[comp.sys.apollo] What makes an unstoppable process that way...

agq@itd1.dsto.oz (Ashley Quick) (10/10/90)

Sorry this is appearing so late... our news feed has been down for 2
weeks.

I have seen the discussion and  the sample program which cause a
process to become unstoppable. The answer is not short, but here is
why:

When you use the prf_$ calls, they initiate an RPC exchange with the
print manager and the print server. (If the print server is an SR9
server, the action is different and no RPC interaction takes place).
This is documented in the book "Printing in the Aegis Environment".

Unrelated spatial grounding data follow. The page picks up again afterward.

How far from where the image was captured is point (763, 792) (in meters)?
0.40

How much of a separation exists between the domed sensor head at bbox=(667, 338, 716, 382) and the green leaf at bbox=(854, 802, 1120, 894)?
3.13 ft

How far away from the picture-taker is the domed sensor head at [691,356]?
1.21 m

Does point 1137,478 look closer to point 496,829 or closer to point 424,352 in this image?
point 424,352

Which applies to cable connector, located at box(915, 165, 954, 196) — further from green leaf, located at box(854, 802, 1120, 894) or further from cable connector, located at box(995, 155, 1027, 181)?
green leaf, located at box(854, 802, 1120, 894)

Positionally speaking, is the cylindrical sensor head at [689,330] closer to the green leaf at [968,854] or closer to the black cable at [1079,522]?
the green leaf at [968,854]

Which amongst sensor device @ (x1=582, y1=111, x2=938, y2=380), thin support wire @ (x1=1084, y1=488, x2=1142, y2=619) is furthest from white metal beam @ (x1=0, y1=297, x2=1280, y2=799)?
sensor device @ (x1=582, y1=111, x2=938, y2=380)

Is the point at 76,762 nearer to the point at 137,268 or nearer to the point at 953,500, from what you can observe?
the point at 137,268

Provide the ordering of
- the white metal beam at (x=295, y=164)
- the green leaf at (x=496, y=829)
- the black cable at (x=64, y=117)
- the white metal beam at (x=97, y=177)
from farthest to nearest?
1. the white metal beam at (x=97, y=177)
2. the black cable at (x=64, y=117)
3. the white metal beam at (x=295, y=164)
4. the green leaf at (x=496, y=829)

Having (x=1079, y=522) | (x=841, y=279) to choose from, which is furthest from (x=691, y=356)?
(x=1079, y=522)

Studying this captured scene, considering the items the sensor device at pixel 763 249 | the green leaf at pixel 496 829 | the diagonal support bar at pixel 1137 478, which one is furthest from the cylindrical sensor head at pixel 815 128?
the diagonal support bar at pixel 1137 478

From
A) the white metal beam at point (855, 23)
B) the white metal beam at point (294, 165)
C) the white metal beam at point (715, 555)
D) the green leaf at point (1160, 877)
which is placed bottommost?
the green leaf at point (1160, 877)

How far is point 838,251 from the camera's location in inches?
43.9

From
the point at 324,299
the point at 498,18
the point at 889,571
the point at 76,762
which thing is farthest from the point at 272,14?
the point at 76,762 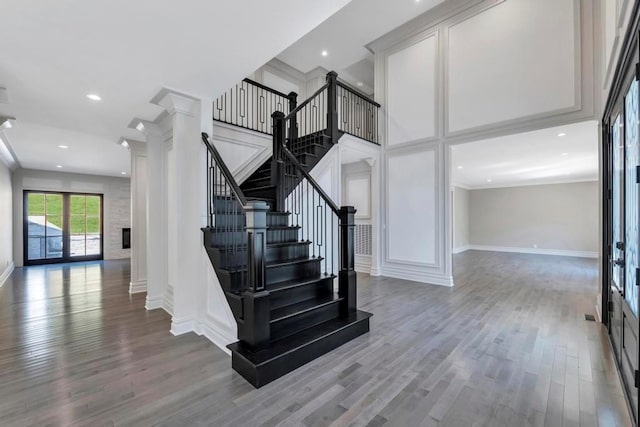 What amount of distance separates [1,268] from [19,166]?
11.1ft

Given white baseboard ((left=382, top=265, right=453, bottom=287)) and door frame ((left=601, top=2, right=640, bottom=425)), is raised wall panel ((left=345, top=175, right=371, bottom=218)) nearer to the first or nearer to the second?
white baseboard ((left=382, top=265, right=453, bottom=287))

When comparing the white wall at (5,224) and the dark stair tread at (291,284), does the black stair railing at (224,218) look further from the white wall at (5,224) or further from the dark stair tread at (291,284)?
the white wall at (5,224)

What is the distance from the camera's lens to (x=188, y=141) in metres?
3.14

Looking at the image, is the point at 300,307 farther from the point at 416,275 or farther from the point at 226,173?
the point at 416,275

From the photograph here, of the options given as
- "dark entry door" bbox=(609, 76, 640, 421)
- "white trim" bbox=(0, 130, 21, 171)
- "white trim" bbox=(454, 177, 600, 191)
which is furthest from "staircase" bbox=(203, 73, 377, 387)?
"white trim" bbox=(454, 177, 600, 191)

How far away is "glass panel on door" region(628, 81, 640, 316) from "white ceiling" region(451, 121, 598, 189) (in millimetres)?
2345

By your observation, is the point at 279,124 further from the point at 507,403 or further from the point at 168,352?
the point at 507,403

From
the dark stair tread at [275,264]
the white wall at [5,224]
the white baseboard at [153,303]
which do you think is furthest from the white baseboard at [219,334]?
the white wall at [5,224]

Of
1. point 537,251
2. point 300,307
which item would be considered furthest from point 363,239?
point 537,251

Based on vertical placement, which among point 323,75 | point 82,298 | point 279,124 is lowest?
point 82,298

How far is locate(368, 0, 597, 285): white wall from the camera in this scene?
393cm

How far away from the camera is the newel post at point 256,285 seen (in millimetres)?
2184

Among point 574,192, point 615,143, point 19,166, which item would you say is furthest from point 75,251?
point 574,192

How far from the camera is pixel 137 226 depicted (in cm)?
470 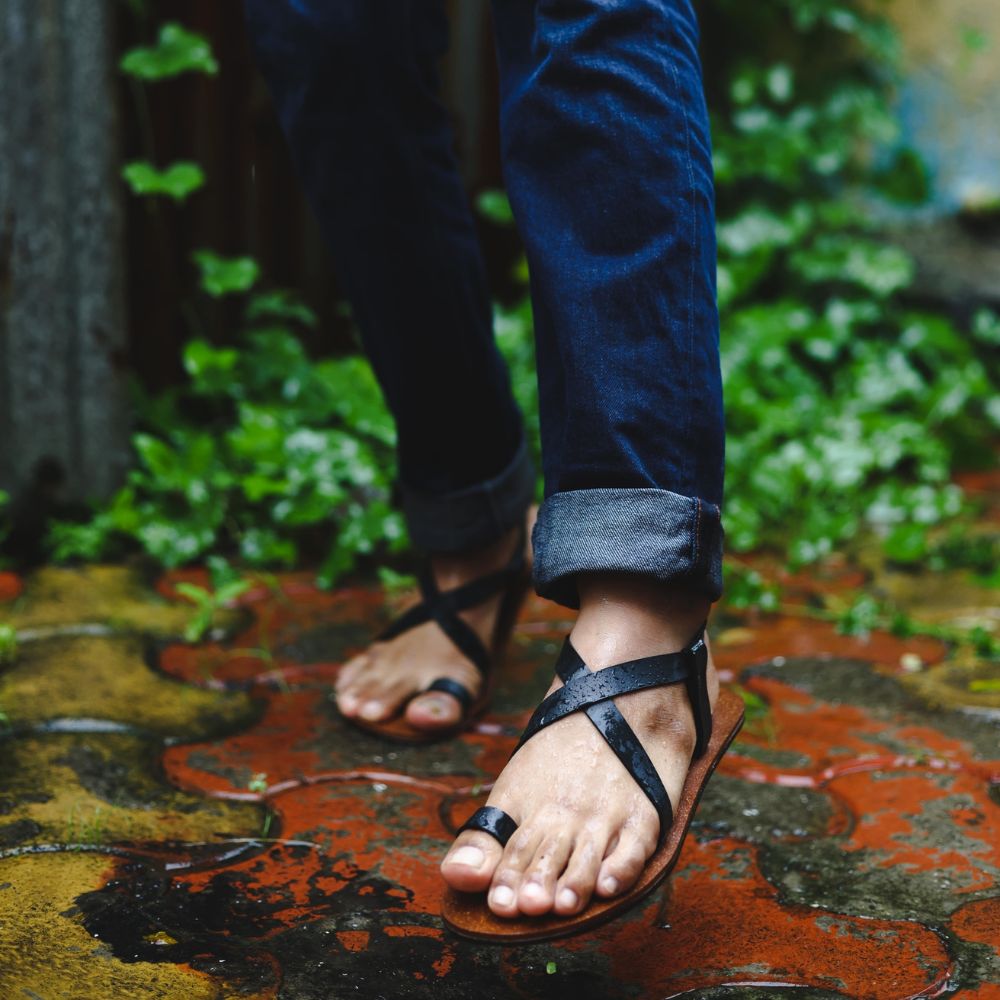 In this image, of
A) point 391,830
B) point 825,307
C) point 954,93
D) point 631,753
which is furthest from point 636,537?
point 954,93

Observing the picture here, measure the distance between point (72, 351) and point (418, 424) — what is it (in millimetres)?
938

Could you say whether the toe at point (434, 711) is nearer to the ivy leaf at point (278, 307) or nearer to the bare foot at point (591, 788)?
the bare foot at point (591, 788)

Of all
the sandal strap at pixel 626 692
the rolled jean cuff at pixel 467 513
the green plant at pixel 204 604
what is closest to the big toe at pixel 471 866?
the sandal strap at pixel 626 692

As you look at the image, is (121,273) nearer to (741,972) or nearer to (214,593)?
(214,593)

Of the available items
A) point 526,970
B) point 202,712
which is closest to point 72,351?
point 202,712

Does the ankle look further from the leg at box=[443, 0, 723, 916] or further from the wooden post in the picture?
the wooden post

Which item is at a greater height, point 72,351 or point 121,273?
point 121,273

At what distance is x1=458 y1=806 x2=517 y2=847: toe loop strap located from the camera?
3.22 feet

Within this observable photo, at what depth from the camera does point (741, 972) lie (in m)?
0.94

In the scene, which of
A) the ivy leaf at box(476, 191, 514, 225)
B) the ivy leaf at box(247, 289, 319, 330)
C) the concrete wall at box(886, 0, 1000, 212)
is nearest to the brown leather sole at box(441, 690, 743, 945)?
the ivy leaf at box(247, 289, 319, 330)

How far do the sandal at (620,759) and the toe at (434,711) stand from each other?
37 cm

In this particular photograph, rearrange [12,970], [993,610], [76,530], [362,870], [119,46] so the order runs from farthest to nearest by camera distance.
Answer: [119,46] < [76,530] < [993,610] < [362,870] < [12,970]

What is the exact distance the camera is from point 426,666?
4.86 feet

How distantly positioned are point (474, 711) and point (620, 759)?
0.48 metres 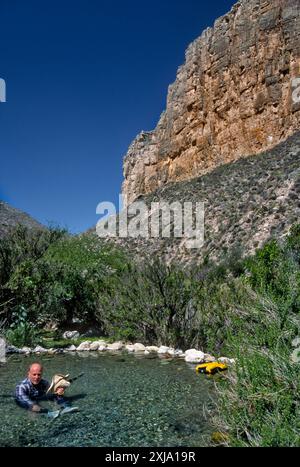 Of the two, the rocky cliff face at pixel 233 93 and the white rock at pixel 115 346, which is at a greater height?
the rocky cliff face at pixel 233 93

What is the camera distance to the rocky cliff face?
34812 mm

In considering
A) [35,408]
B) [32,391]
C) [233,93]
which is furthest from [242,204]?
[35,408]

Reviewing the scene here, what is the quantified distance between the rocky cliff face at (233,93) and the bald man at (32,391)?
31.1 metres

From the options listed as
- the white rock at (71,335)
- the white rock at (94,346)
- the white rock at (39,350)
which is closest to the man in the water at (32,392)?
the white rock at (39,350)

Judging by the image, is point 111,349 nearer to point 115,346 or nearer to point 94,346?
point 115,346

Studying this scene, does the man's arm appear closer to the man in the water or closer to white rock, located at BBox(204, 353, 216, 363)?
the man in the water

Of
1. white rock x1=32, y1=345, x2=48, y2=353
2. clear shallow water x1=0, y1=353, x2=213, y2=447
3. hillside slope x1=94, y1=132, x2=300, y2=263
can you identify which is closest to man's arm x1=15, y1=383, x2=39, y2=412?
clear shallow water x1=0, y1=353, x2=213, y2=447

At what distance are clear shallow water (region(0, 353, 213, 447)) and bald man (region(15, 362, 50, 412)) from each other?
129 mm

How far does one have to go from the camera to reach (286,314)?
226 inches

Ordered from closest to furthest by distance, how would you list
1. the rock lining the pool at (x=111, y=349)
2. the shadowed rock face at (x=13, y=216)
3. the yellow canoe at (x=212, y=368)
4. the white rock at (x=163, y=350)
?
the yellow canoe at (x=212, y=368)
the rock lining the pool at (x=111, y=349)
the white rock at (x=163, y=350)
the shadowed rock face at (x=13, y=216)

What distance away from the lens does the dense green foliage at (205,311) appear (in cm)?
401

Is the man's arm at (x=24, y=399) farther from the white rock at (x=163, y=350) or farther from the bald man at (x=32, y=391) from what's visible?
the white rock at (x=163, y=350)

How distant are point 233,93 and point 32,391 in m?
37.4

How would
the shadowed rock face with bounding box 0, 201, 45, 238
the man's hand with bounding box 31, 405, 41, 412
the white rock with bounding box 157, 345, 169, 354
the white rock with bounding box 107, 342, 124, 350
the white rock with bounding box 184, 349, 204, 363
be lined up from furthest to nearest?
the shadowed rock face with bounding box 0, 201, 45, 238 < the white rock with bounding box 107, 342, 124, 350 < the white rock with bounding box 157, 345, 169, 354 < the white rock with bounding box 184, 349, 204, 363 < the man's hand with bounding box 31, 405, 41, 412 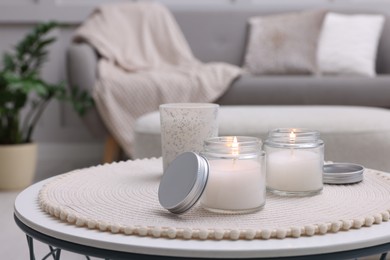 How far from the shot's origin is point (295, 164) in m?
0.92

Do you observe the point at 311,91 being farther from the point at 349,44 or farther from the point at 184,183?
the point at 184,183

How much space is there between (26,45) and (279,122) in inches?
58.0

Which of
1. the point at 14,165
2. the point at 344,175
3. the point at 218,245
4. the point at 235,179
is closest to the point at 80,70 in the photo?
the point at 14,165

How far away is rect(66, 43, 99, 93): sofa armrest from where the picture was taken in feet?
9.54

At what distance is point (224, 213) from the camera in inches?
31.7

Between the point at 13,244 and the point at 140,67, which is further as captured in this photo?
the point at 140,67

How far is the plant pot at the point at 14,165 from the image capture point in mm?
2613

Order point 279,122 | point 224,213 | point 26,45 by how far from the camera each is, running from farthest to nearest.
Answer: point 26,45 < point 279,122 < point 224,213

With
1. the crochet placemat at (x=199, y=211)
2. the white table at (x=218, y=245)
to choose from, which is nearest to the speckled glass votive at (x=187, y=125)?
the crochet placemat at (x=199, y=211)

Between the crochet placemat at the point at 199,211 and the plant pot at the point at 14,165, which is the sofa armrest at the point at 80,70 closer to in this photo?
the plant pot at the point at 14,165

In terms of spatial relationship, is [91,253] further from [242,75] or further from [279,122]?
[242,75]

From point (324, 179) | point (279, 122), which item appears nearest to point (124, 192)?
point (324, 179)

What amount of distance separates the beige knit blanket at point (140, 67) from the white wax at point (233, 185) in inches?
82.7

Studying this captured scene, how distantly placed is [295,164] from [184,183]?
20cm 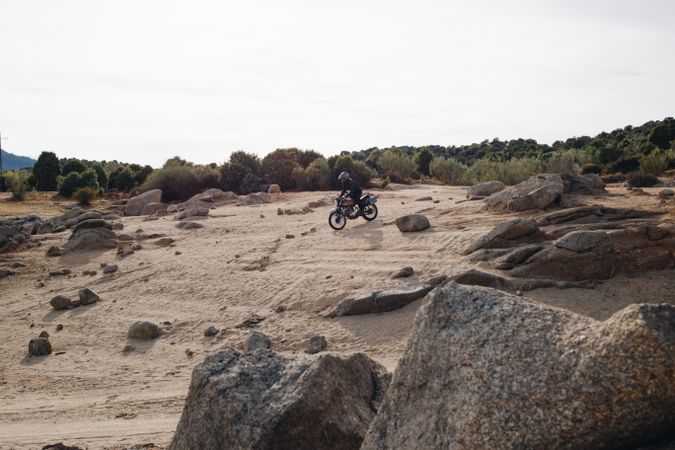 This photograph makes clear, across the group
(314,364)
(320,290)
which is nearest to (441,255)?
(320,290)

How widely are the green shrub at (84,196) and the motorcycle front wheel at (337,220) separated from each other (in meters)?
17.7

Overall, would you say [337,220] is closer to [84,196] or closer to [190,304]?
[190,304]

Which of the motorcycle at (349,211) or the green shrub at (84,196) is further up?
the green shrub at (84,196)

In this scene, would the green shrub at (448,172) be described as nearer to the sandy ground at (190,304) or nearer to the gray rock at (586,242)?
the sandy ground at (190,304)

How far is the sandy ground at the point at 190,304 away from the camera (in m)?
7.44

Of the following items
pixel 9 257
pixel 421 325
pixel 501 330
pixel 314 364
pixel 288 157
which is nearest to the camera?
pixel 501 330

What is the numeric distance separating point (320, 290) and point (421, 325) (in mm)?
8161

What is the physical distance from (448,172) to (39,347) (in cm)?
2418

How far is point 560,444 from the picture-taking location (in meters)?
→ 2.47

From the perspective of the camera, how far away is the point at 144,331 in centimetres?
1039

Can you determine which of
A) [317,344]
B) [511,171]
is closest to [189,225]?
[317,344]

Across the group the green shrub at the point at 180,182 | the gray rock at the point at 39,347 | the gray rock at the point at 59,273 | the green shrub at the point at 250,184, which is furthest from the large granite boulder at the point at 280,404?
the green shrub at the point at 180,182

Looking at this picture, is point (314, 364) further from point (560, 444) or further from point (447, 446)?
point (560, 444)

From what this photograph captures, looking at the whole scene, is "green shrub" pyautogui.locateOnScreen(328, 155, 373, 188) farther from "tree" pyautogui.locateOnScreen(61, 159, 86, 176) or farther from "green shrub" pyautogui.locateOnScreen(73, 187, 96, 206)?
"tree" pyautogui.locateOnScreen(61, 159, 86, 176) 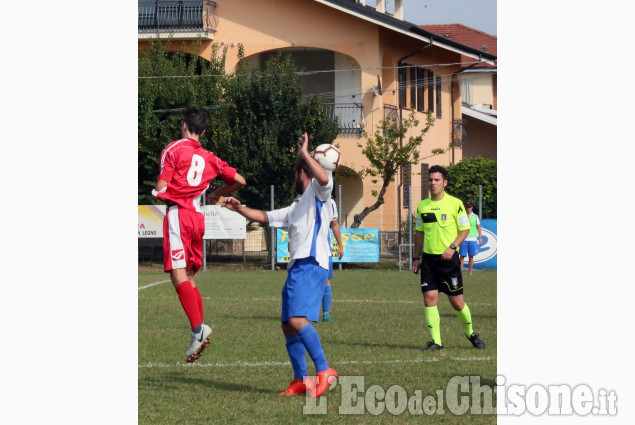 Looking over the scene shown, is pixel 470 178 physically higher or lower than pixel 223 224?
higher

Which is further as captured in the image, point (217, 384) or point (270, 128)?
point (270, 128)

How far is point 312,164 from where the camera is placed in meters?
6.74

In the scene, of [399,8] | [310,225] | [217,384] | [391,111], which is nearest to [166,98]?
[391,111]

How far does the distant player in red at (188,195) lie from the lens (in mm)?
7582

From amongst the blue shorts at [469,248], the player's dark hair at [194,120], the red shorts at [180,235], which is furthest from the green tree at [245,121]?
the player's dark hair at [194,120]

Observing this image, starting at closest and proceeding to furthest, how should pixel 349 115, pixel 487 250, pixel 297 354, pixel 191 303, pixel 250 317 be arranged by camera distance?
pixel 297 354
pixel 191 303
pixel 250 317
pixel 487 250
pixel 349 115

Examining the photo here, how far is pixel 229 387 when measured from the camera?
24.8ft

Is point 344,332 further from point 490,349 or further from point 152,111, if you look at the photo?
point 152,111

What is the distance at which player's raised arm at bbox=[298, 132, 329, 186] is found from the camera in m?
6.69

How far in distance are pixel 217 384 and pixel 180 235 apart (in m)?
1.29

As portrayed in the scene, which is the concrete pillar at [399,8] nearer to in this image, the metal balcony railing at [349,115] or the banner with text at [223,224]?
the metal balcony railing at [349,115]

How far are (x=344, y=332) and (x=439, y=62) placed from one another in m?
29.5

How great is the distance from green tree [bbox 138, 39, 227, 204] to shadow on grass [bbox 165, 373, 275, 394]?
832 inches

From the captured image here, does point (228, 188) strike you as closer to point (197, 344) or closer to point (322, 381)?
point (197, 344) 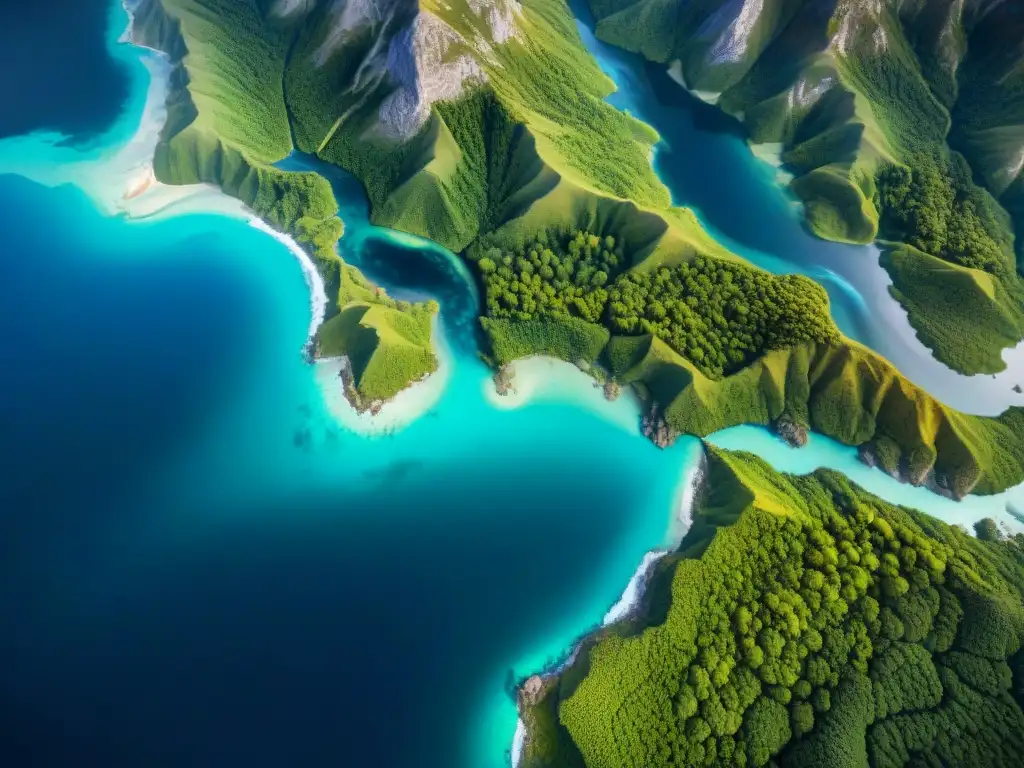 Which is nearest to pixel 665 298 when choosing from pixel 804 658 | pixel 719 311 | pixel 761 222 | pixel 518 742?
pixel 719 311

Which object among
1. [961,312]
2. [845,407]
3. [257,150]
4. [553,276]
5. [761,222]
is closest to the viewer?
[845,407]

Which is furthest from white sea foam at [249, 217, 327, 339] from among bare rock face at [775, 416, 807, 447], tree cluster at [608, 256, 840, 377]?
bare rock face at [775, 416, 807, 447]

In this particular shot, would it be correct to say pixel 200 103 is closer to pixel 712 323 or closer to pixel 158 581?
pixel 158 581

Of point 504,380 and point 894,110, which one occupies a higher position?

When the RPC activities take place, it appears that the system creates
a number of tasks. (TASK_$ calls were newly released in SR10,
although I suspect they had been around a bit longer....) The TASK
mechanism is a simple means of MULTI-THREADING. It effectively creates
a number of execution threads inside a user process. There are calls to
start and stop tasks, set the priority, etc. This is all documented in
the DOMAIN/OS call reference books.

One of the not so nice things about tasks, is that they break some
system calls: namely any call that is not re-entrant might (note might
not WILL!!) fall over given the right circumstances. There is a table
in the TASK section of the call reference which describes the classes
of system calls which are not re-entrant. All UNIX calls fit this
category.

Also, some system calls have a changed behaviour when they operate in
a tasking environment. As an example of this: under SR10 the print
system (inc print servers) uses NCS/RPC and the print servers have
about 4 tasks running. Try taking all the paper out of your printer,
then print a large job. Then, sigp the print server (After it has
started and got held up due to no paper) You will notice that the
print server has become unstoppable. Also note though, that when you
put paper in the printer, so that IO can take place, the print server
will die nicely, exactly as expected.

The reason for the funnies that you have been seeing is exactly the
same as that described above: When tasking is enabled, and you try to
do some IO, all tasking is STOPPED temporarily (they probaly call
PFM_$INHIBIT which blocks ALL async faults, including the stop and
quit faults!). The entire process waits for the IO to complete before
anything more can happen. This means that you cannot stop the process
until there is some IO activity.

There is also probably a very good reason to do this: When tasking is
enabled, faults are handled differently because there is no way of
telling which task was executing when the fault ocurred. Also, it
could be nasty to have a (say) two tasks trying to do input or output
at the same time - things would get into an awful mess!

What I am leading to here is that Apollo have not told us that calling
prf_$queue_name starts up tasking. This was news to me, but I should
not be surprised! It explains a weird bug I have seen here, also.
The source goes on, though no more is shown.